The short answer is more than you think! It is an expensive process with many one off charges as well as regular ongoing bills.

The one off costs include the following:

  • A mortgage arrangement fee-this can vary depending on the type of house you are purchasing and can be anything form £500-£1500. A re-mortgage or a Buy to Let will incur higher fees. If you do not have the money to pay these fees up front then you can possibly arrange to have them added to your mortgage loan, but if you do this you will have to pay interest on this on top.
  • Deposit-This needs to be at least 5% of the purchase price of your property. This needs to be paid before you can apply for a mortgage.

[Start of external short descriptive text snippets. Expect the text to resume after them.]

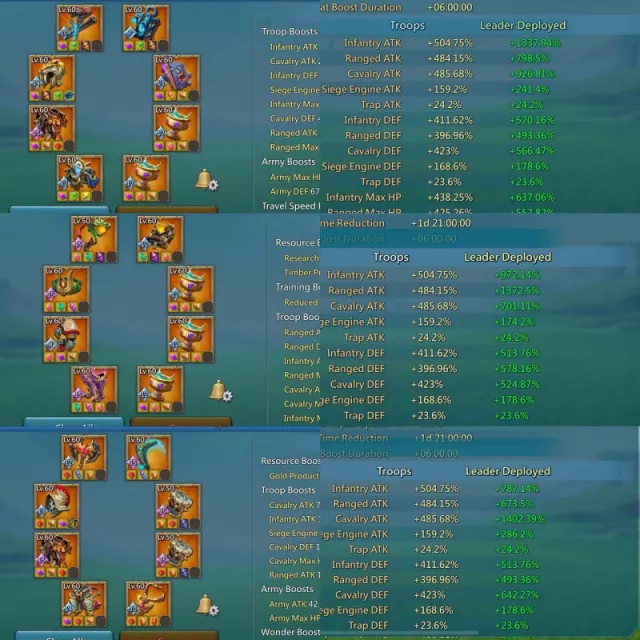 Can go to K1457 / Max stats: 1337-1372-1402% · 6 / 9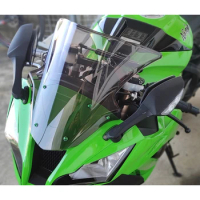 Motorcycle Double Bubble Windshield WindScreen Screen For 2011 2012 2013 2014 2015 Kawasaki Ninja ZX10R ZX-10R ZX 10R Black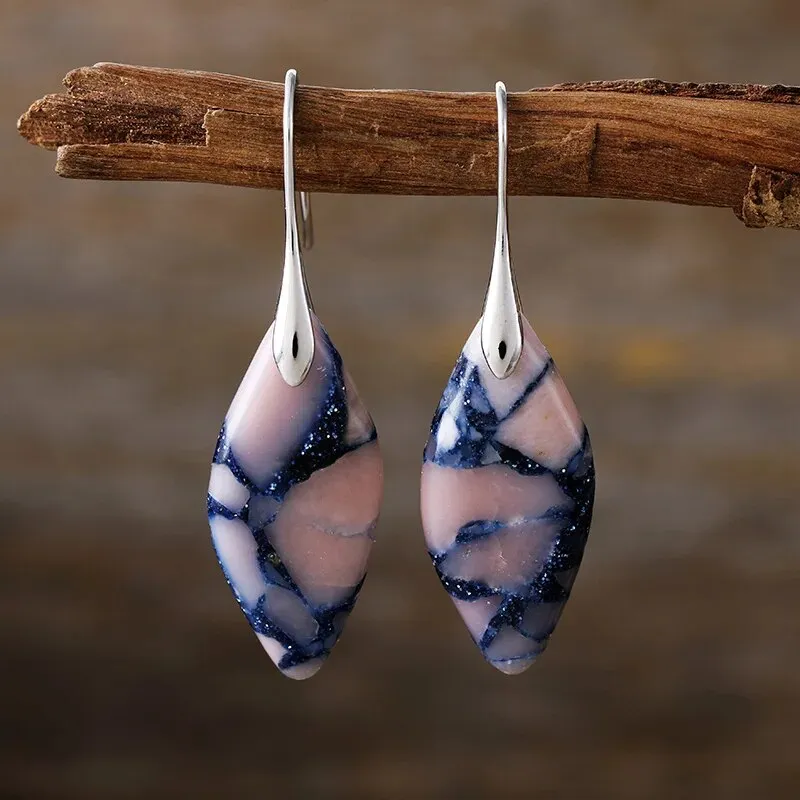 Azure Horizon Jasper Earrings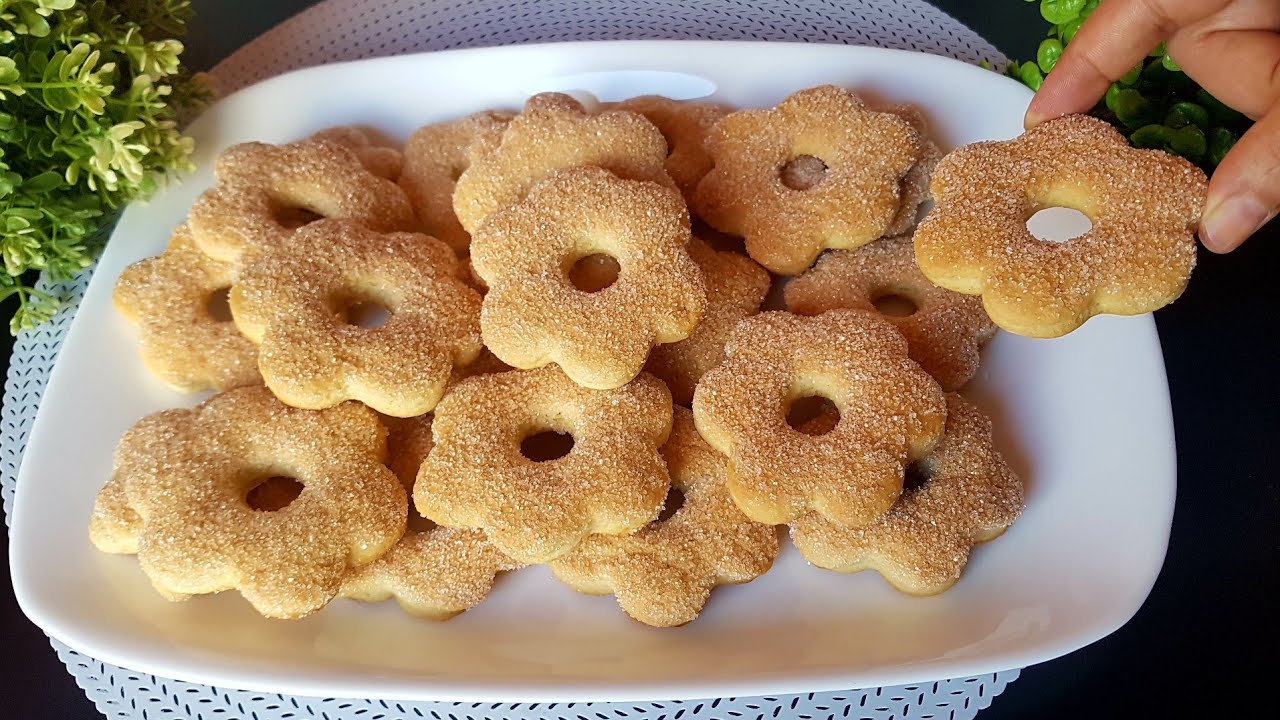 Это печенье тает во рту, хорошее и простое, легкое печенье без масла 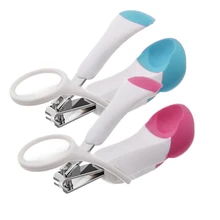 Дети карманные Finger Toe Nail Clipper с Лупа Стекло для младенцев и детей и взрослых Детские manicurem Уход за ногтями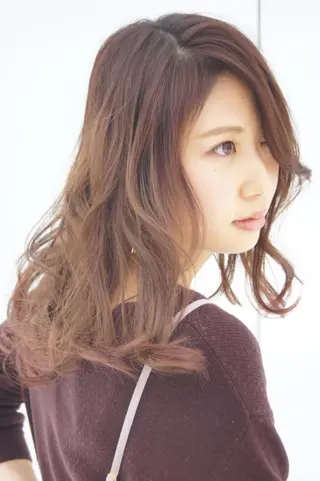 セミロング 小島 勤夢のヘアスタイル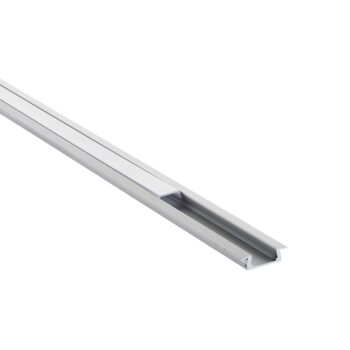 Saxby 94947 Saxby Lighting Rigel SLIM Recessed 2m Aluminium Profile / Extrusion Silver 2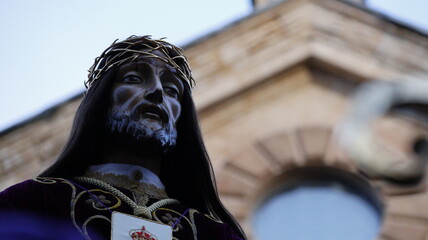 Holy week procession in Spain. Image of Jesus Christ during the holy week of spain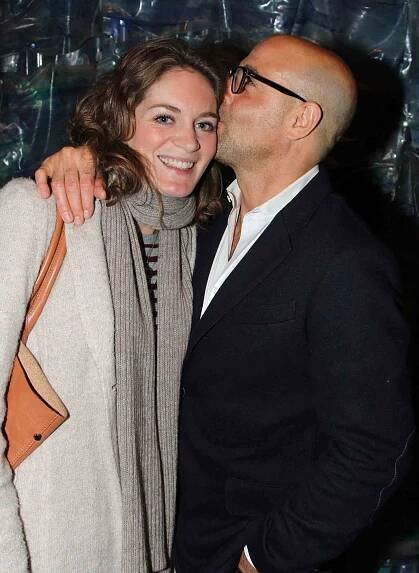 Stanley Tucci and Felicity Blunt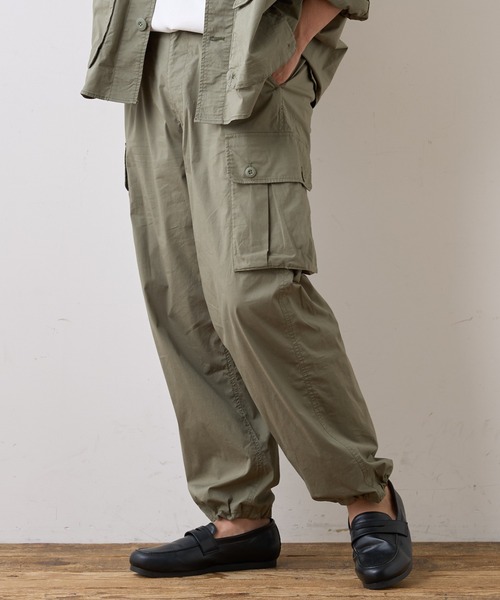 CIAOPANIC TYPY（チャオパニックティピー）の「コットンワッシャーミリタリーパンツ（カーゴパンツ・メンズ・オフホワイト/ブラウン/オリーブ・MEDIUM/LARGE）」の3枚目の写真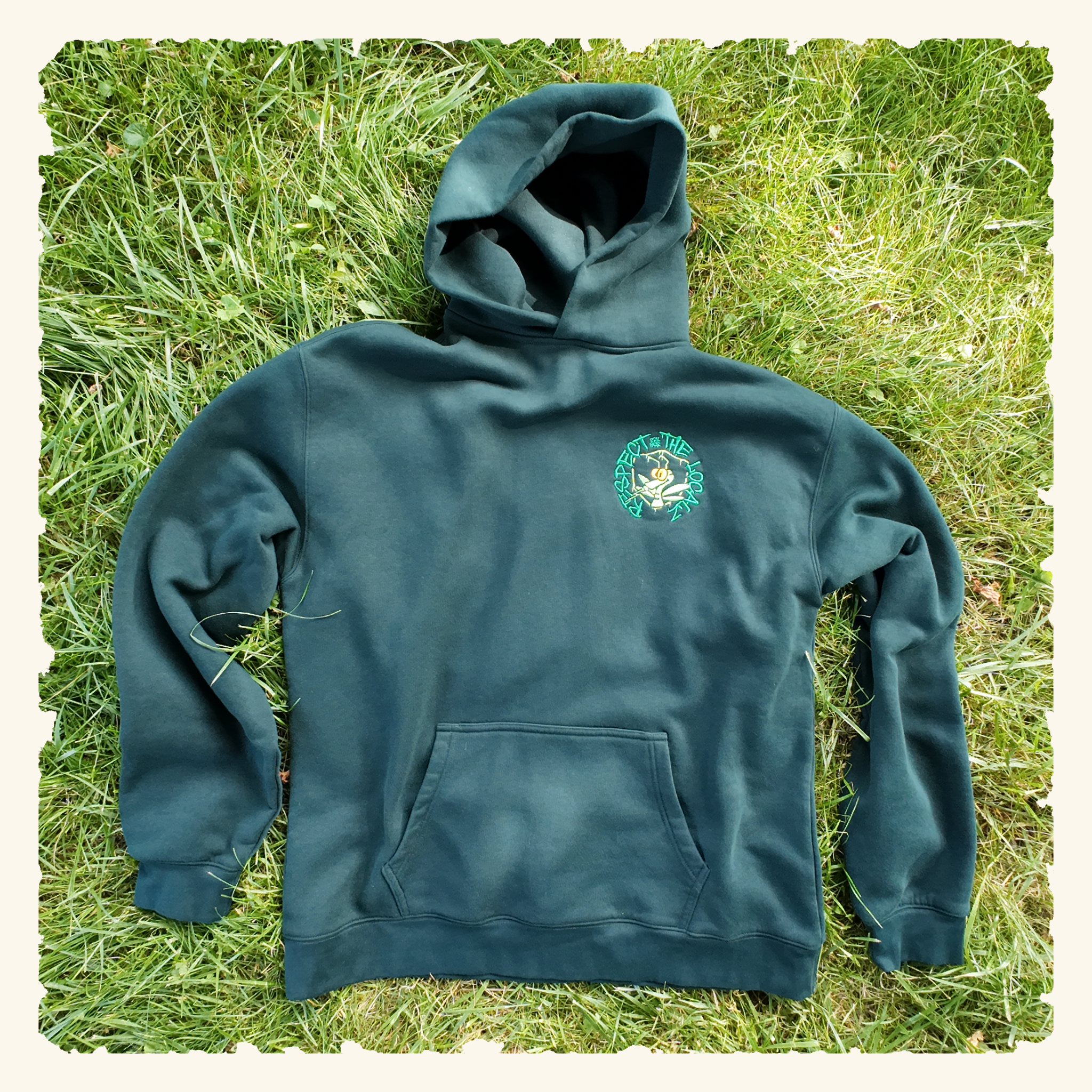 Pine Green Campfire Hoodies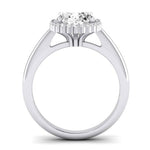 Callalily Oval Diamond Bridal Set (Lab Grown Igi Cert) whitegold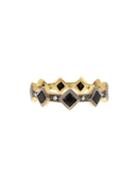 Cathy Waterman Princess Cut Black Spinel Band - 22 Karat Gold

For example, on a purchase price of £200,000, you will at have to pay £10,000 up front. If you are able to provide a higher deposit, then you will get a better mortgage deal. The government can also offer assistance with their Help to Buy scheme for those who have just managed to obtain 5% deposit. This scheme is designed for first time buyers or those who want to move up the property ladder.
  • Valuation fee-the valuation provides an idea of how much your property is worth and is usually arranged by your mortgage lender. In most cases the valuation will cost between £200-£600. You may also choose to have a Home buyers report or a Building survey conducted in order to obtain a more detailed assessment of the property and if there are any defects in the property. Please see our Carrying out a survey guide for more details regarding the different types of survey.
  • Stamp Duty Land Tax (SDLT) – Is a tax that you will have to pay on all properties purchased at a price greater than £125,000. The amount of SDLT you will have to pay will depend on the value of the property you intend to purchase and can be clearly set out as follows (these bands/percentages may be subject to change in the future):
Property Price %of SDLT
£0-£125,000 0
£125,001-£250,000 2
£250,000-£925,000 5
£925,000-£1,500,000 10
£1,500,001+ 12

It is to be noted that if you are buying a second home or a buy to let property –then you will have to pay an extra 3%.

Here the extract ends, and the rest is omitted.